Da atuação, ficaria o momento em que, emocionado, o cantor, já à data assumidamente gay, chorou em palco por causa de um desgosto amoroso que não teve qualquer constrangimento em partilhar com os milhares de desconhecidos.

Serve relembrar o passado para valorizar aquilo que se passou com este mesmo Sam Smith na sua nova passagem pelo Nos Alive, no passado dia 8 de julho, e sobre a qual ainda muito se fala e muito se escreve.

Uns criticam a audácia, outros aplaudem o atrevimento, mas o espetáculo do cantor foi muito mais do que uma performance arrojada ou subversiva. Quem se ficou apenas pela apreciação estética não percebeu nada do que ali se passou. Recheado de simbolismos e recados nada velados, faz parte de um corajoso processo de emancipação e afirmação que, verdadeiramente, terá começado a tomar forma quando em 2019 Sam Smith se assumiu publicamente, em entrevista, como não-binário. "No meu interior sempre existiu uma espécie de guerra entre o meu corpo e minha mente. Penso como uma mulher de vez em quando. Certas horas me questiono: ‘Será que desejo fazer uma cirurgia para trocar de sexo?", confessou em entrevista a Jameela Jamil, no programa ‘The Good Place’. "Não sou homem ou mulher, acho que sou algo entre os dois. É um espectro. A mesma coisa acontece com minha sexualidade", explicou ainda. 

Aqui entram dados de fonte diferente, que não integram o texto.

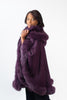 Image of Rippe's Furs Hooded Cashmere Cape with Fox Fur Trim - Purple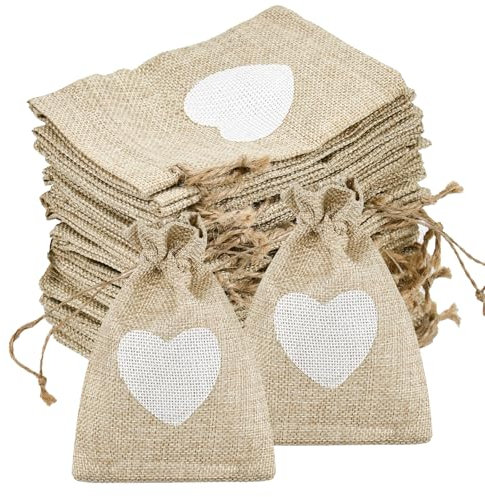 SLTAXAR 30 Stück jutesäckchen Herz Kleine Säckchen 10x14cm Jute Geschenktüten mit Herz Geschenkanhänger kleine säckchen zum Befüllen Jutebeutel Leinensäckchen für Hochzeit Party Geschenke Süßigkeiten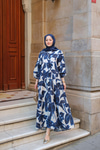 Batik Yaprak Desenli Elbise Lacivert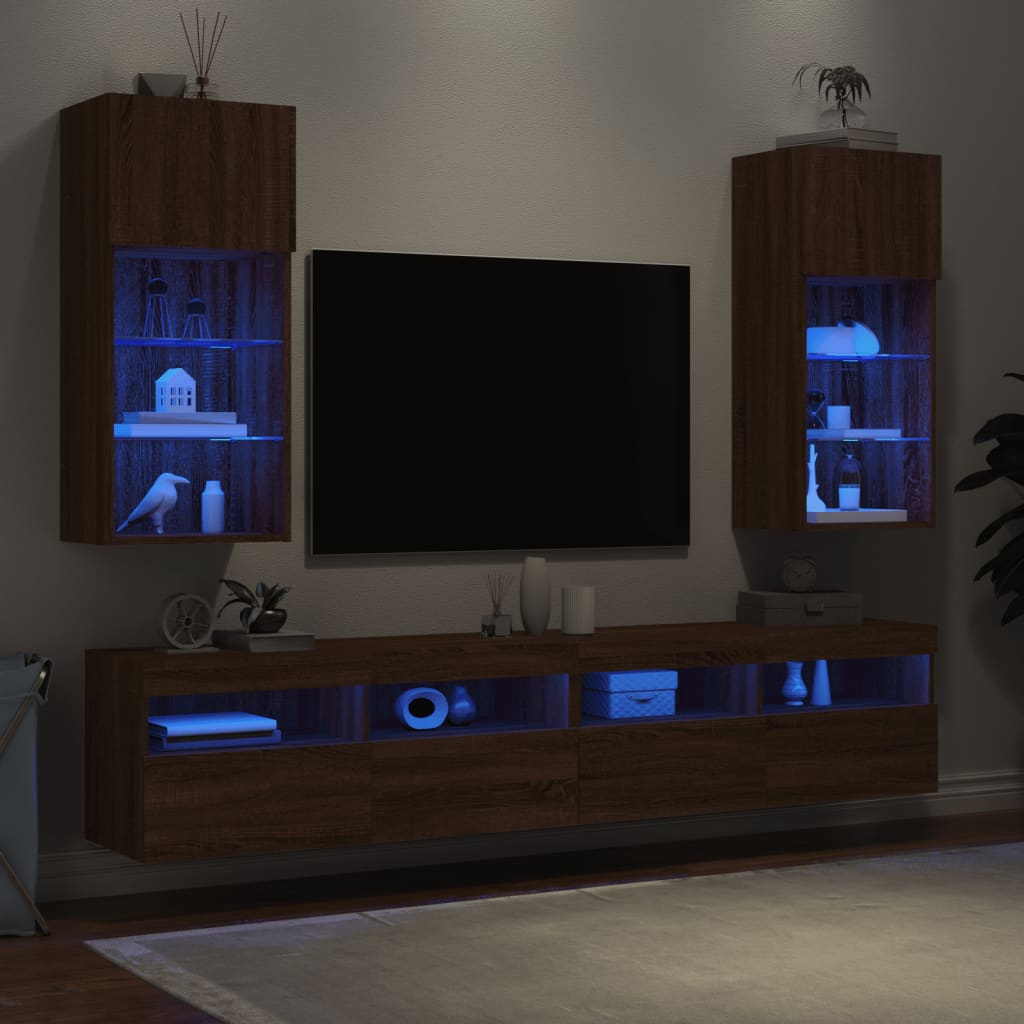 vidaXL 2 db barna tölgy színű TV-szekrény LED-ekkel 40,5 x 30 x 90 cm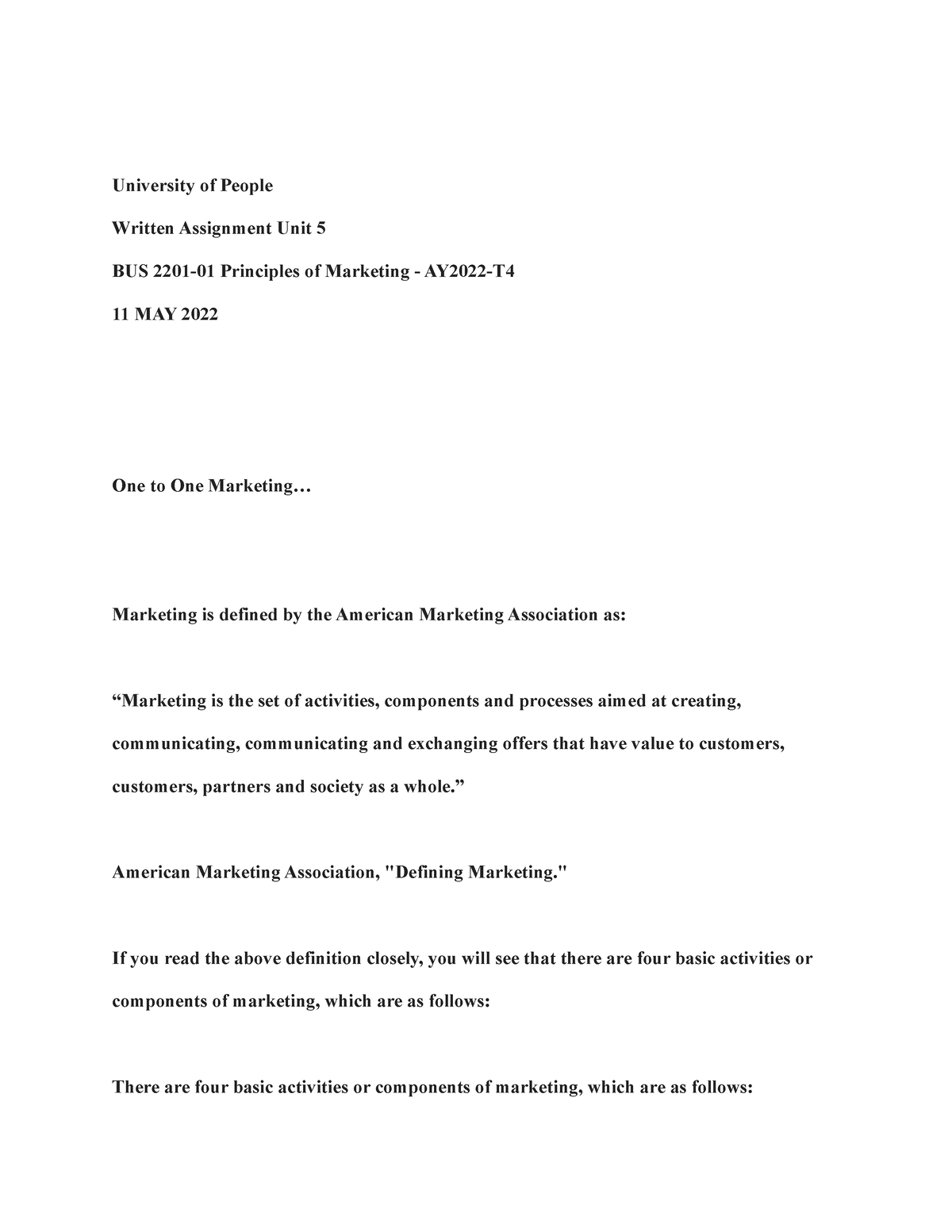 One To One Marketing - University Of PeopleWritten Assignment Unit 5 ...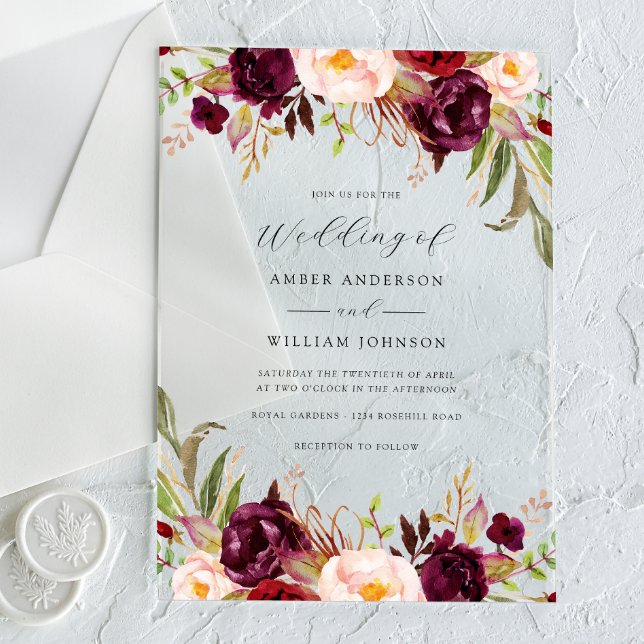 Floral Burgundy Blush Bloom Wedding   Acrylic Invitations (Creator Uploaded)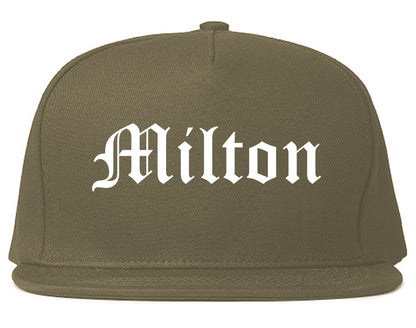 Milton Florida FL Old English Mens Snapback Hat Grey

Ora foi precisamente este artista que não se identifica com género algum e que se quer apenas assumir como próprio, que se apresentou no NOS Alive com um espetáculo que corre mundo e onde nada é contido nem aprisionado. "Lisboa, este espetáculo é sobre liberdade", disse assim que subiu ao palco. As virgens ofendidas ofenderam-se e os que se identificam com ele, aplaudiram a audácia.

Do ‘crooner’ certinho de outros tempos, apenas um resquício: uma camisa branca e uma gravata com a qual entrou em palco, ainda assim amarfanhados por um corpete dourado. Daí para a frente foi o ‘deboche’, um show de erotismo e uma lição de transformismo onde tudo faz sentido: as cenas de sexo simuladas, o vestido roxo de diva, as plumas cor de rosa, a blasfémia com que usa um véu para cobrir o rosto - no que pode ser entendido como uma crítica à sempre castradora religião - mas também o momento em que surge desnudo, de tanga e de mamilos cobertos, a abanar a barriga e o rabo sem vergonha ou preconceito dos quilos a mais (poderá haver recado mais nobre do que o de nos aceitarmos como somos?).

Quando, Sam Smith se entrega a ostensivos atos de sedução, erotismo e bondage que fazem muitos dos incautos virar a cara e segredar indignações, enquanto os bailarinos se beijam e simulam atos indecorosos, nada disto é feito com o intuito apenas de chocar. Esta é apenas (que é muito) a manifestação mais pura de um homem livre, em alegre transgressão ao politicamente correto e que não deve nada a ninguém.

Será que quem não percebeu isto no espetáculo de Sam Smith merecia lá ter estado?